Gli scandali legati al finanziamenti dei partiti non ci sono solo in Italia. E d’altra parte anche un finanziamento solo privato comporta dei rischi, primo fra tutti la “cattura” del legislatore da parte di lobby potenti e danarose. E allora la soluzione migliore è pensare a un sistema fondato su un’Autorità indipendente dal mandato ampio, con meccanismi di controllo più rigidi di quelli attuali, che preveda il rimborso sul numero di voti effettivamente ottenuto da ciascun partito e incentivi le piccole donazioni private.

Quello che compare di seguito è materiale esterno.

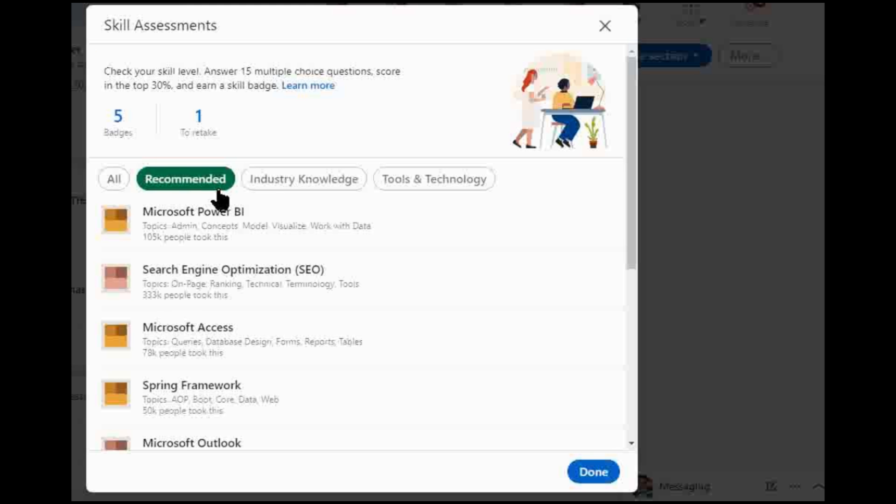Because they have a mix between maybe marketing and data and Outlook and things like that, but there are also things like iMovie, other creative skills that you can put on here. So look at industry knowledge, tools and technology.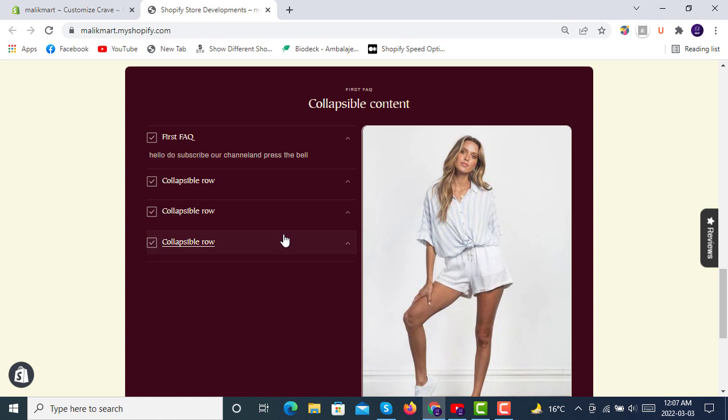So I hope you understand how the collapsible content works. Thank you for watching. Do subscribe to the channel, press the bell icon and get the latest videos. Take care, bye bye.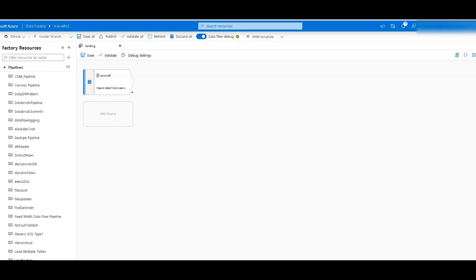Hey ADF fans, this is going to be a quick demonstration of using the rank transformation in your data flows. You'd use rank in a big data analytics ETL pipeline where you want to rank across your entire data set.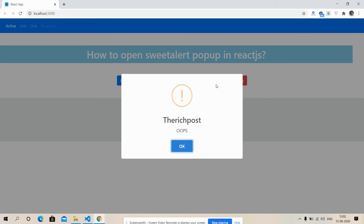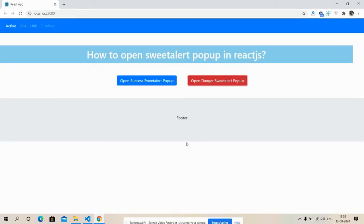Danger is also working fine. So friends, have you seen both the popups are working fine?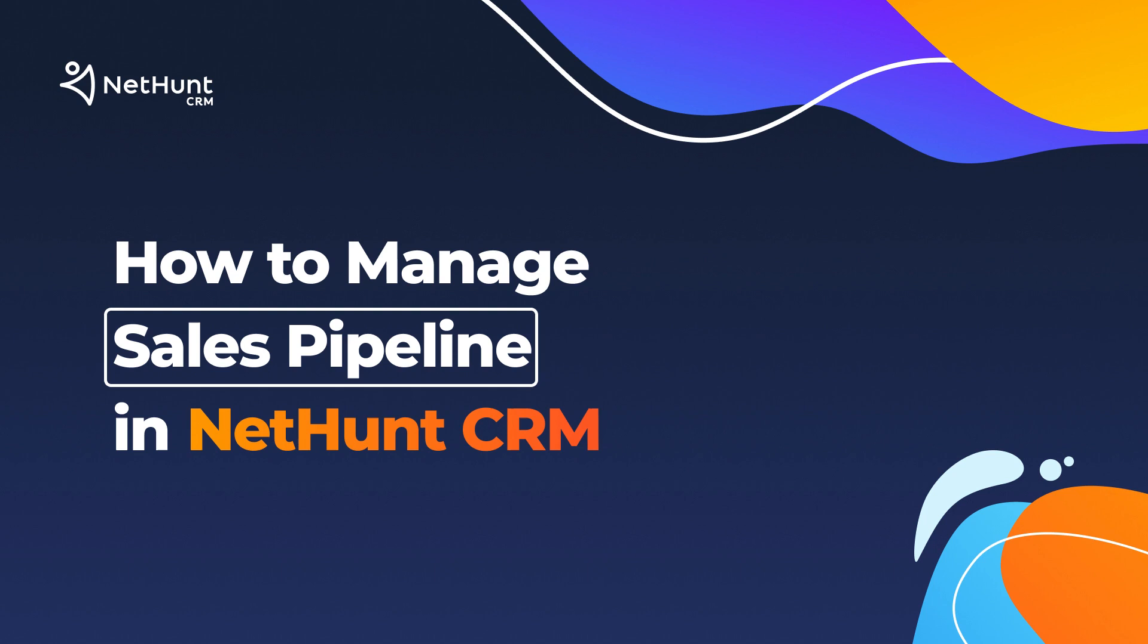Hello everybody and welcome to another NetHunt CRM tutorial. When it comes to sales and a CRM, we all see this word written in caps – pipeline.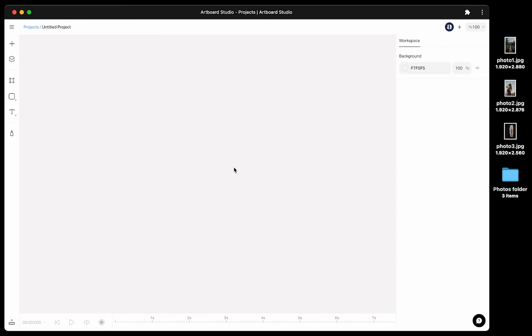In this video, you will learn how to work with photos or images with the new version of Artboard Studio. There are several ways to import an image or photo to your canvas.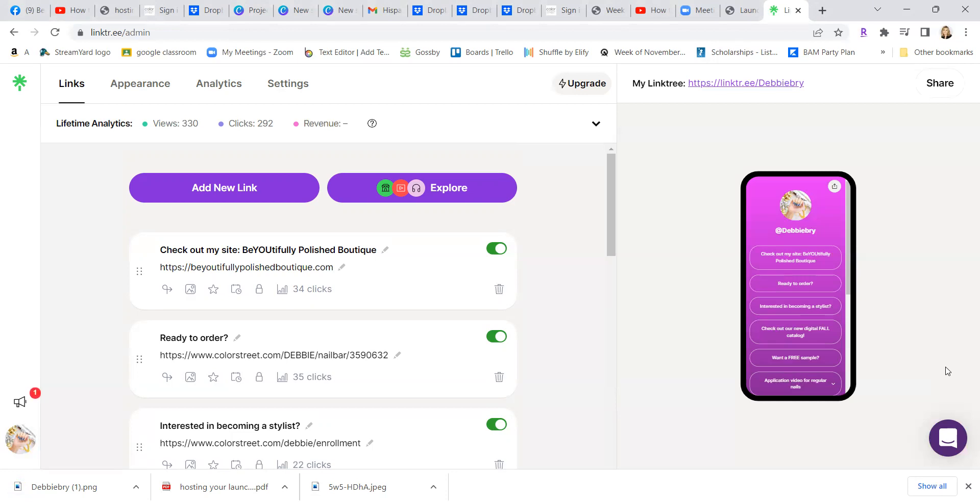Again, it's one simple, easy way that you can put one thing on there, but link them into many different links. So definitely take advantage of the QR codes. Most people know how to use them now since COVID, and have fun with it. Alright? Thank you.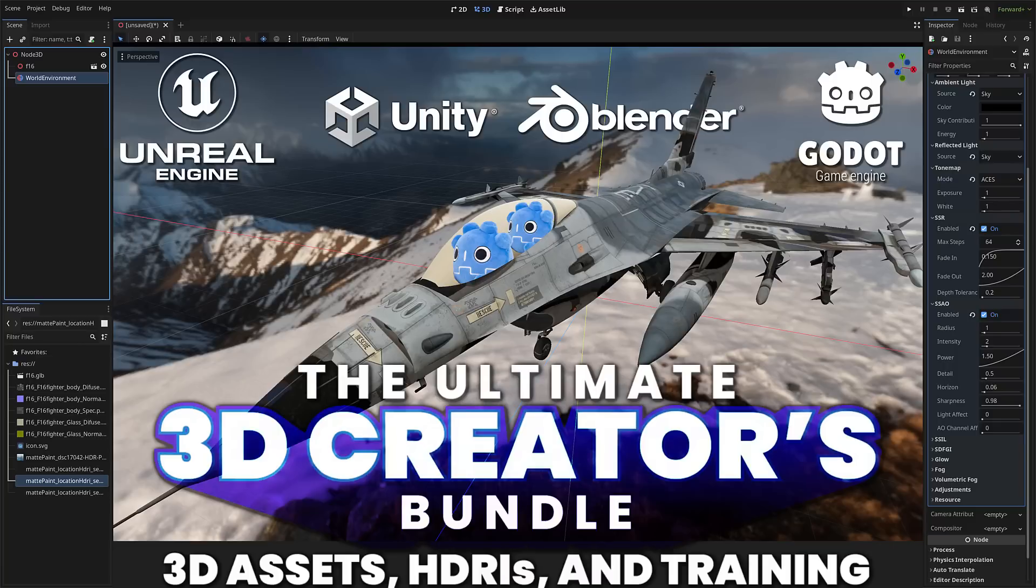Hello ladies and gentlemen, it's Mike here at Game From Scratch and today we have another humble bundle of interest to game developers and graphic artists in general. This one is the Ultimate 3D Creators Bundle.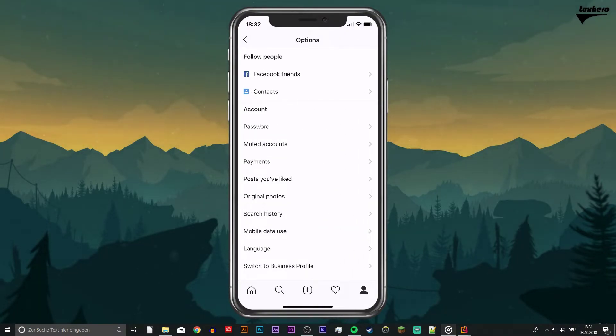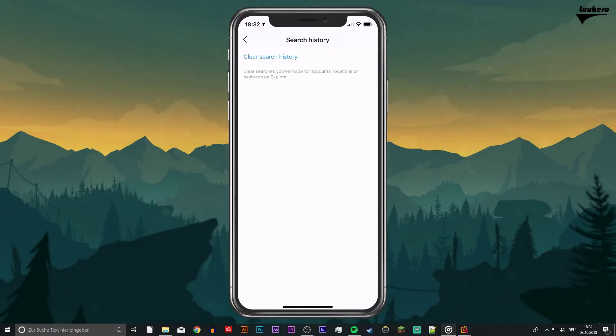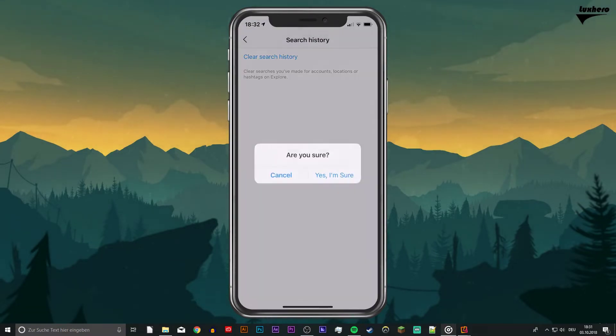In the account section, select search history and here you can select to clear your search history.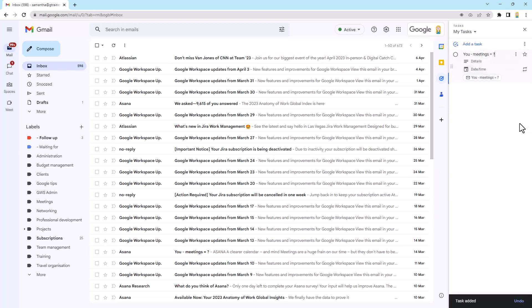So the subject of the email becomes the title of the task. So a really important thing for you to do is actually usually rename that because more often than not the subject of the email is actually not descriptive enough to be a name of a task. So you could just come in here you can edit that so I can just take that out and I might say here just book meeting whatever that might be.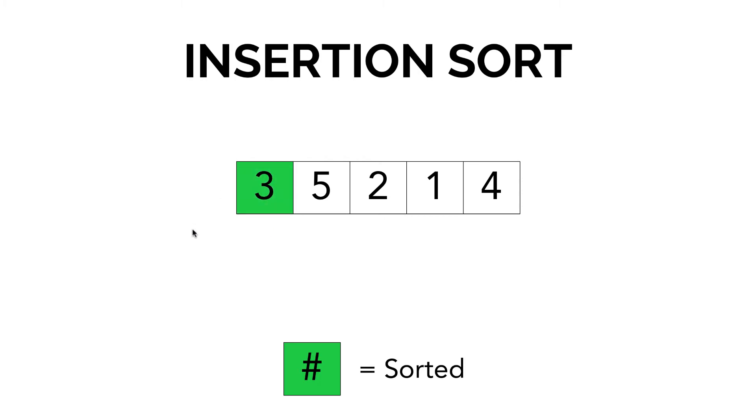The next item is 5. 5 is greater than 3, so we mark it true. It's sorted. Our next item is 2. Now again, the way this works is it takes the next value and compares it with the value to its left. 2 is less than 5, so it's going to go ahead and move 2 to the left of 5.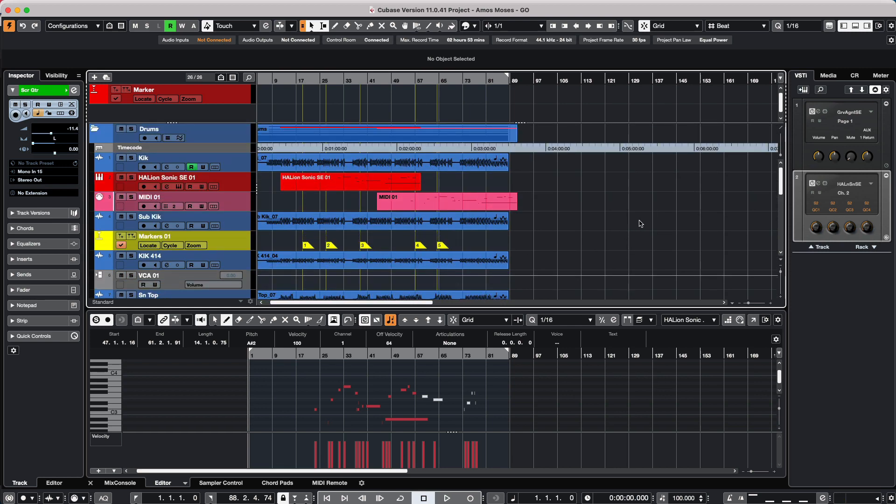So if I wanted to do processing, it would have to be able to process all of these different events. Now we could utilize the project logical editor to select all of the audio events within a folder for processing. Let's show how to do that.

Gli scandali che ormai da diverso tempo occupano con regolarità le prime pagine dei giornali impongono un ripensamento complessivo in tema di finanziamento dei partiti politici e delle campagne elettorali.

NOI E GLI ALTRI

Oggi il sistema si fonda sulla ripartizione di quattro fondi, rispettivamente per Camera, Senato, regionali ed europee. L’ammontare di ciascuno è di 1 euro per ogni anno di legislatura per ciascun cittadino iscritto nelle liste elettorali della Camera. Nel complesso parliamo di circa 200 milioni di euro l’anno da ripartire in misura proporzionale fra tutte le liste che superano una soglia minima di voti o di eletti. È un sistema simile a quello tedesco, ma in Germania il rimborso è di 0,7 euro per ogni voto effettivamente ricevuto, con un limite complessivo al monte rimborsi di 133 milioni di euro.
Fino a poco tempo fa era inoltre previsto che il rimborso continuasse per cinque anni anche in caso di scioglimento anticipato delle Camere. Motivo per cui, fra il 2008 e il 2011, i partiti (comprese le formazioni non più esistenti o non più rappresentate in Parlamento) hanno ricevuto somme di molto superiori a quanto previsto da una già generosa legislazione. A partire dalla prossima legislatura la possibilità del “doppio rimborso” è stata abrogata e il monte complessivo da ripartire è stato ridotto del 10 per cento.
A chi pensa che l’Italia sia un caso patologico va subito detto che gli scandali legati al finanziamento delle campagne elettorali purtroppo esistono in tutti i paesi democratici. Solo negli ultimi 15 giorni: 1) nel Regno Unito il tesoriere del partito conservatore si è dimesso a seguito dello scandalo “cash for access”, ossia per avere offerto “accesso speciale” al primo ministro (e possibile influenza sulle politiche del governo) in cambio di donazioni di almeno 300mila euro; 2) in Francia Nicolas Sarkozy è stato accusato di avere finanziato illegalmente la sua campagna elettorale del 2007, forse anche con soldi ricevuti nientemeno che da Gheddafi; 3) la quantità di denaro spesa finora per le presidenziali americane (le prime dopo il giudizio della Corte Suprema che nel 2010 ha rimosso i limiti alla spesa elettorale delle corporations) ha indotto John McCain, il candidato repubblicano 2008 alla presidenza, a mettere in guardia sulla provenienza spesso oscura di quel denaro e sulla corruzione che vi è spesso associata. (1)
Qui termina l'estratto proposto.